US 12,275,034 B2
Coating production line system
Marlon Boldrini, Zürich (CH)
Assigned to coatingAI AG, Winterthur (CH)
Filed by coatingAI AG, Winterthur (CH)
Filed on Dec. 6, 2022, as Appl. No. 18/062,242.
Claims priority of application No. 21212625 (EP), filed on Dec. 6, 2021.
Prior Publication US 2023/0173533 A1, Jun. 8, 2023
Int. Cl. B05C 11/10 (2006.01); B05C 19/00 (2006.01); B05D 7/24 (2006.01)

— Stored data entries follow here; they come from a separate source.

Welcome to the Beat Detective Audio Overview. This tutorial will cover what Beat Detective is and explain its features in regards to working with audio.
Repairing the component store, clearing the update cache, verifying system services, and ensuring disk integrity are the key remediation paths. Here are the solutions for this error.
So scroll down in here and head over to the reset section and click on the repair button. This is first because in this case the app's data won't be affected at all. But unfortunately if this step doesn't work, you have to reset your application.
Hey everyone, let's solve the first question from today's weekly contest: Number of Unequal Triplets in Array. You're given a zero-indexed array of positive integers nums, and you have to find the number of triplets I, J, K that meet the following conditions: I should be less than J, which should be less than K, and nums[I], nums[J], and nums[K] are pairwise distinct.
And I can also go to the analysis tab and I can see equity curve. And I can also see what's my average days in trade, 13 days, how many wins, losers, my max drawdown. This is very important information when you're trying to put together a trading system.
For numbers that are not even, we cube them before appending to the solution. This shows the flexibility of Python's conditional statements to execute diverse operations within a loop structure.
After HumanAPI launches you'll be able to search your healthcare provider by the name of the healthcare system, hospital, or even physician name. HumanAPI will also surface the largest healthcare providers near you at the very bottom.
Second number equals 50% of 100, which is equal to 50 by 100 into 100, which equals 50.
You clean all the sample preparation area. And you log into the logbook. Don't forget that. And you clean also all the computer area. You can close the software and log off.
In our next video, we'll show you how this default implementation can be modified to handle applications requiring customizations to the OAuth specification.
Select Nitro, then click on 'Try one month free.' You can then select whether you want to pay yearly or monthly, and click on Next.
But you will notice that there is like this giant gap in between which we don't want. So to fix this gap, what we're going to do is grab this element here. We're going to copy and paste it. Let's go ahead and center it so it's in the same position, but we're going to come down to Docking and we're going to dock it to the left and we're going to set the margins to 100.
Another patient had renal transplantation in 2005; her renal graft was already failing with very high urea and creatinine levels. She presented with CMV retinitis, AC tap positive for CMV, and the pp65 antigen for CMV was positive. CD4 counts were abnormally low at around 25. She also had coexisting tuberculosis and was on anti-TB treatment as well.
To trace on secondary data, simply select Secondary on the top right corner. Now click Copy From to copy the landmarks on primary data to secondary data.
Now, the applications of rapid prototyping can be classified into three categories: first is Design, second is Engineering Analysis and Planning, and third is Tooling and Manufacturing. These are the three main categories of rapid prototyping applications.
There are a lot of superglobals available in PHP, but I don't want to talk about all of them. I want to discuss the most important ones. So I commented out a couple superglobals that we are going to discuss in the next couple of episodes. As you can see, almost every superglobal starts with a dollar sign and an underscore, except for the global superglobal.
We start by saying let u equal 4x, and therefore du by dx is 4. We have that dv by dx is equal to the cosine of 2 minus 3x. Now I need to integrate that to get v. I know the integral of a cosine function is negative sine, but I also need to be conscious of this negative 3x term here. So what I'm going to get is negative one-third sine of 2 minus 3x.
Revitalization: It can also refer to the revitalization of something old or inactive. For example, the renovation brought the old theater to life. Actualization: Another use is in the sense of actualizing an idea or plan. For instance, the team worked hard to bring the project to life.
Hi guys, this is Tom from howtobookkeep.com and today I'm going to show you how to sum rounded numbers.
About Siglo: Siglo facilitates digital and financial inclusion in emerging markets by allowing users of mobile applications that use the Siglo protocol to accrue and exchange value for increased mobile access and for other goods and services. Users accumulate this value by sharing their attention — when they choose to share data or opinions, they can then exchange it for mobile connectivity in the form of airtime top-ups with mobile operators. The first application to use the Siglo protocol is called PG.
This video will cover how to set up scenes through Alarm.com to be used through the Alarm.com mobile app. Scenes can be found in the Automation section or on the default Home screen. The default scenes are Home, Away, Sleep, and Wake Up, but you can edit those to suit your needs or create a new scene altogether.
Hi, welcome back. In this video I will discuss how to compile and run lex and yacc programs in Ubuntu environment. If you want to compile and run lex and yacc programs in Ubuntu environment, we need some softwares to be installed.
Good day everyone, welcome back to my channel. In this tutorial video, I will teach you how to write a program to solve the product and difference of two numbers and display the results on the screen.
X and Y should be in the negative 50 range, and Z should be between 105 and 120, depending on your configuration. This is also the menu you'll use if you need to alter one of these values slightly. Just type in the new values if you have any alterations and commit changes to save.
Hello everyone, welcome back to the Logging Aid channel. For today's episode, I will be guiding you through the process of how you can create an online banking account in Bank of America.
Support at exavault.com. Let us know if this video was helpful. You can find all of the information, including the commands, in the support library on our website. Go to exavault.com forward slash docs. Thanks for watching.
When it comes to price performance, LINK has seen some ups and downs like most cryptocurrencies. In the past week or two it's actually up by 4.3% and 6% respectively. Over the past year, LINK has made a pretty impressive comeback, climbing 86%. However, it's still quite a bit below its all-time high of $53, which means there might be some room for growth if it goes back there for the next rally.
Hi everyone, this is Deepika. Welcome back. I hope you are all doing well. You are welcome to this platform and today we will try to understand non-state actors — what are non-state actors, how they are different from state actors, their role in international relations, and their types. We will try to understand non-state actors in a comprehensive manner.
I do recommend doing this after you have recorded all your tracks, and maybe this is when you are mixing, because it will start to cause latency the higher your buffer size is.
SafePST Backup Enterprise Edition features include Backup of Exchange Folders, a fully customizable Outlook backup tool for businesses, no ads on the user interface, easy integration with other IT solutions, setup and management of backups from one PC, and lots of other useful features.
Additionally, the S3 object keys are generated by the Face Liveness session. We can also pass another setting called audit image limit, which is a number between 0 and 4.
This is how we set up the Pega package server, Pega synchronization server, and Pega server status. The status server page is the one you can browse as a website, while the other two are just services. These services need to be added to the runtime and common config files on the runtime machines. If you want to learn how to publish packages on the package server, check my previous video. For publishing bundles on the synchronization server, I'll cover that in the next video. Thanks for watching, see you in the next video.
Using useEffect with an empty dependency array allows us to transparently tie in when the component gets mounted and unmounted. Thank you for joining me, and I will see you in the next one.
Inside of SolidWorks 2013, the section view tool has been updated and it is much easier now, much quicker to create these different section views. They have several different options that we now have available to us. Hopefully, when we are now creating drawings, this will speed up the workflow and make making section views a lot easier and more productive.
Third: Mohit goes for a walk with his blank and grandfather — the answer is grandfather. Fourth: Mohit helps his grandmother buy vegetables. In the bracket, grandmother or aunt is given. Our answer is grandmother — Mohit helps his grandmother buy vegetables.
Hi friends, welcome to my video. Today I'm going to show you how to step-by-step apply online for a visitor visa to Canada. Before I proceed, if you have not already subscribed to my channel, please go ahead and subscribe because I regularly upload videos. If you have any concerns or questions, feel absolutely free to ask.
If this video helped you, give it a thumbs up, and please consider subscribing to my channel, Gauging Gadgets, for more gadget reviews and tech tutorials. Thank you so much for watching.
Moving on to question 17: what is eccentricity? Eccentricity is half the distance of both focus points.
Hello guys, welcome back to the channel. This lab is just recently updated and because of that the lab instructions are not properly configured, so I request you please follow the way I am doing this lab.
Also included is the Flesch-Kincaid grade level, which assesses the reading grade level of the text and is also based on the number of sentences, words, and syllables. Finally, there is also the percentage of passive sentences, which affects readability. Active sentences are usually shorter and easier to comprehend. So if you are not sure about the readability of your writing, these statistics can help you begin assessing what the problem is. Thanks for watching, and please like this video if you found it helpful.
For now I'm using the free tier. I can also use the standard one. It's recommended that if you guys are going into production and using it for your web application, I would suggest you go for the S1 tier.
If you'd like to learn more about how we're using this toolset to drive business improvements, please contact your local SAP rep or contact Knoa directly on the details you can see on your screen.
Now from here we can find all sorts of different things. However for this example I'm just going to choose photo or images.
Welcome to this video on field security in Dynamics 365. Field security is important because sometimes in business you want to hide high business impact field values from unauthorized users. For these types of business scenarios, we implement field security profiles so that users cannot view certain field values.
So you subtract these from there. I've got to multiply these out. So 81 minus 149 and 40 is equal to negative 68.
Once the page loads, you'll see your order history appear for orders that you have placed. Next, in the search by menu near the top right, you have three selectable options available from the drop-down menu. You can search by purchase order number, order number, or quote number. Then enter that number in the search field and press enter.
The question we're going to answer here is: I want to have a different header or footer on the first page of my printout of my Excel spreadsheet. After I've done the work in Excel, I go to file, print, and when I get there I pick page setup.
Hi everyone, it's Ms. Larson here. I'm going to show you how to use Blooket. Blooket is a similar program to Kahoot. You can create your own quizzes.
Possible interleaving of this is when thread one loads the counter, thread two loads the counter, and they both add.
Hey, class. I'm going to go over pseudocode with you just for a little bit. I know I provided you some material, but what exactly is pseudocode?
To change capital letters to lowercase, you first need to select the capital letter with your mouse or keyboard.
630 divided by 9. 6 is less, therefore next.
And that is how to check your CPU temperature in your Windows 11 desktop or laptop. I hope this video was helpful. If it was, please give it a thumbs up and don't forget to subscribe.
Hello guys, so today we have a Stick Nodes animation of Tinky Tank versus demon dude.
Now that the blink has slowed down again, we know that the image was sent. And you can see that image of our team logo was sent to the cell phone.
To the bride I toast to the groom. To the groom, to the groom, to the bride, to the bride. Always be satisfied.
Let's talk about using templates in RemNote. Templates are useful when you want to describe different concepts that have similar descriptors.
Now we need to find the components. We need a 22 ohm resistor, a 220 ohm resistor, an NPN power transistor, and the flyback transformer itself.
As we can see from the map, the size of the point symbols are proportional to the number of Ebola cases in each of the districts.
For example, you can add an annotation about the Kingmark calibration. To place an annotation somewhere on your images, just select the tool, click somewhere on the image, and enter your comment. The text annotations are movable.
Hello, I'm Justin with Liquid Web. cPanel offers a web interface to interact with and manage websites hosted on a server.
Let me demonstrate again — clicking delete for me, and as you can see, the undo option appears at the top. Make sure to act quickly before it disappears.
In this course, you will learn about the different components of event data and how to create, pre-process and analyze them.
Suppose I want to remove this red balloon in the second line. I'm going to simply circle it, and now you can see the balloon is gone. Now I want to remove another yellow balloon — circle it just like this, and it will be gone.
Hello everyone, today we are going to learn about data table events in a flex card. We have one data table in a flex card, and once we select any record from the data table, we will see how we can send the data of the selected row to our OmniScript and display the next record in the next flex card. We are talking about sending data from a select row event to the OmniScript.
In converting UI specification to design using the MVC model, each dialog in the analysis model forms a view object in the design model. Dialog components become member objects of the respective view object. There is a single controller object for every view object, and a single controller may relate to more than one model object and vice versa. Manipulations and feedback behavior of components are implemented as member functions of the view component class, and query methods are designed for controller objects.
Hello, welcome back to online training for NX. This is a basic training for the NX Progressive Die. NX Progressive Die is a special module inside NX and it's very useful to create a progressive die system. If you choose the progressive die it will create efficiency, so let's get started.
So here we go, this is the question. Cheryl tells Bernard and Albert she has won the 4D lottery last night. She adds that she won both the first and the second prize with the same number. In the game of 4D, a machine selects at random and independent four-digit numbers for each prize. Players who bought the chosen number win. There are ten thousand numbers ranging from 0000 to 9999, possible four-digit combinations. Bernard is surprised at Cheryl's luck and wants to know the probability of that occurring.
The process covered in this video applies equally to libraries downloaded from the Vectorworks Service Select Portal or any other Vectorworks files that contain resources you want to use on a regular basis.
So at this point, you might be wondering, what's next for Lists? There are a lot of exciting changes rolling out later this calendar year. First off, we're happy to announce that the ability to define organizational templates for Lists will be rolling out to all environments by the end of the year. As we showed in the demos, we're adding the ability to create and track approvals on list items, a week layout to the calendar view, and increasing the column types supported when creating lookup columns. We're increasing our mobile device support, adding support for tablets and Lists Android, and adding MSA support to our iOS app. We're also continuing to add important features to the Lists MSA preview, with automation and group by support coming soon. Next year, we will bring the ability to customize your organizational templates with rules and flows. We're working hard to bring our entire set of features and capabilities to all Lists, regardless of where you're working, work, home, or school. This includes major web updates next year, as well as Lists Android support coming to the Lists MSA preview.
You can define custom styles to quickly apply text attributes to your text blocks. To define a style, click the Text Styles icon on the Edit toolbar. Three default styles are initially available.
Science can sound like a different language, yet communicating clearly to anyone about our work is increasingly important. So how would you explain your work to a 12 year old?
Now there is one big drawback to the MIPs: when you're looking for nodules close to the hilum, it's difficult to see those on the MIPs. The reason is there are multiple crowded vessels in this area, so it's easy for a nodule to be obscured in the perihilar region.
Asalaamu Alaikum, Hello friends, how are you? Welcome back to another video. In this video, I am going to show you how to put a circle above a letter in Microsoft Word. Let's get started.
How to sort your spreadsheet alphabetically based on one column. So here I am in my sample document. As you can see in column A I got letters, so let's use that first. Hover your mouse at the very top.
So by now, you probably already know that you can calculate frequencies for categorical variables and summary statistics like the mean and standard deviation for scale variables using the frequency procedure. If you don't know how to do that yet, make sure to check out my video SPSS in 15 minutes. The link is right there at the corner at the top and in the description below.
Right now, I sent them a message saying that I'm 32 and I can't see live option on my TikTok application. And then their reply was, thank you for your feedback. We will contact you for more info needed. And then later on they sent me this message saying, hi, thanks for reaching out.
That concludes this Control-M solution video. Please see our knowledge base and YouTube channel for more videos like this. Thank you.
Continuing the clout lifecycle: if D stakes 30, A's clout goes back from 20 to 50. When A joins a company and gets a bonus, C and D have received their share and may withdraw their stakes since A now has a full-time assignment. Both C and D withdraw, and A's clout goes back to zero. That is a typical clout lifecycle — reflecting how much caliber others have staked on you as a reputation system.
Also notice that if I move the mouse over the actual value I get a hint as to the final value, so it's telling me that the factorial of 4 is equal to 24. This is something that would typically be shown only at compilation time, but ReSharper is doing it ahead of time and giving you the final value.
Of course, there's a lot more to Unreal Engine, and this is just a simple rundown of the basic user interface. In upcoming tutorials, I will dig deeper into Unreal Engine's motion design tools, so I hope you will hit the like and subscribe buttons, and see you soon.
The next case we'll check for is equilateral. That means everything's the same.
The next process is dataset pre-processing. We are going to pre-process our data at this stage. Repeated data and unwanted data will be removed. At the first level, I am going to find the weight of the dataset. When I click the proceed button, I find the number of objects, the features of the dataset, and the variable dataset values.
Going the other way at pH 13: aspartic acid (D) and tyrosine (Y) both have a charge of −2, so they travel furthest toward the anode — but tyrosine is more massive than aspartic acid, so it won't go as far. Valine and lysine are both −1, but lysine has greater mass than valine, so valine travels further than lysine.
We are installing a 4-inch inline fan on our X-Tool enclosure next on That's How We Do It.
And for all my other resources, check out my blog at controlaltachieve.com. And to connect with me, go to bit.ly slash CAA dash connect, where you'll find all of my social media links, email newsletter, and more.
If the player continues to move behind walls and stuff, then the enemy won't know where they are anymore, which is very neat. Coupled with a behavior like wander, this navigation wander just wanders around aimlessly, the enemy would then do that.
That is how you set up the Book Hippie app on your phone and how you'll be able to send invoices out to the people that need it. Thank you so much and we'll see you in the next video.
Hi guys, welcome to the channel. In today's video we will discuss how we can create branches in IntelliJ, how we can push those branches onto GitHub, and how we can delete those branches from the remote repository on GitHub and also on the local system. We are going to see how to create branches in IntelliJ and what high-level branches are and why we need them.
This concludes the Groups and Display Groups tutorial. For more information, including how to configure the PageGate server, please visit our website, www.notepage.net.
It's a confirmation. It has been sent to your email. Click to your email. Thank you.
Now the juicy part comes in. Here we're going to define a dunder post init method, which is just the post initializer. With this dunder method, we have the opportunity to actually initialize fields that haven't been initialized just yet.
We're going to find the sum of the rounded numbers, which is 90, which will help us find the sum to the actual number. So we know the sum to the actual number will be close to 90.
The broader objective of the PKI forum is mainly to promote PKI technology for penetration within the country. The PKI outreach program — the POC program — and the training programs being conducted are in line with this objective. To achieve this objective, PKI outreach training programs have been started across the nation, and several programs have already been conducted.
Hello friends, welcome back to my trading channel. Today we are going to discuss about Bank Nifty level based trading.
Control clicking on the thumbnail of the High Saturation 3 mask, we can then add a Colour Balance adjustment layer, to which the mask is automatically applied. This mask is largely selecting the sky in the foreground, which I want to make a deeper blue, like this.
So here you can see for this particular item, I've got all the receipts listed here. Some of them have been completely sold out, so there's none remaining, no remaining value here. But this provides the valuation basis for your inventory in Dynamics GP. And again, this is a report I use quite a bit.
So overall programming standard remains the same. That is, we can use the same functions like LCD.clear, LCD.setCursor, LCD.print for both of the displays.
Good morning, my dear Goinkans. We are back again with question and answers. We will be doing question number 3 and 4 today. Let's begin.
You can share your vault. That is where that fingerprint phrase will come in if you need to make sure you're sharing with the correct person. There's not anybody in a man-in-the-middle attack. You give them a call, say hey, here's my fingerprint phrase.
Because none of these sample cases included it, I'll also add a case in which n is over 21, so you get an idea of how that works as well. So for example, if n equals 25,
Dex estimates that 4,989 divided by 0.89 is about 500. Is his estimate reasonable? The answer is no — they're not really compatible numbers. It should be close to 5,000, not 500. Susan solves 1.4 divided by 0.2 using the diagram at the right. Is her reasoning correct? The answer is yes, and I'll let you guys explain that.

CPC B05C 11/1021 (2013.01) [B05C 19/008 (2013.01); B05D 7/24 (2013.01); B05D 2401/32 (2013.01)] 11 Claims
OG exemplary drawing
 
1. A coating production line system for coating work pieces comprising:
a coating powder source;
a coating apparatus configured to provide a coating for the work pieces with a coating powder provided by the coating powder source;
an inspection unit configured to measure a thickness of a coating applied to the work pieces;
a conveyor unit configured to move the work pieces through the coating apparatus and the inspection unit in this order;
a control unit in communication with the inspection unit, the coating apparatus and the conveyor unit; and
a database comprising coating parameters and thickness requirement data for the work pieces to be coated as well as a coating powder characteristics parameter, related to a composition of the coating powder used in the coating apparatus and based on one or more of the following five parameters of the coating powder: coloring type, binding material type, surface finish type, binding material versus color pigment ratio and grain size;
wherein the control unit is configured to retrieve thickness requirements and coating parameters from the database, to control the coating apparatus based on said coating parameters, wherein the control unit comprises a machine learning instance;
wherein the control unit is further configured to retrieve from the database the coating powder characteristics parameter as an input vector for the machine learning instance for generating an output vector to control the coating apparatus, wherein the output vector defines at the same time a first additional part vector; and
wherein the control unit is further configured to determine the coating quality based on a comparison between the thickness data acquired from the inspection unit for a coated work piece and the retrieved thickness requirement data as a second additional part vector; and
wherein the control unit is configured to feed back the first additional part vector and the second additional part vector as additional parts to the next input vector for the machine learning instance.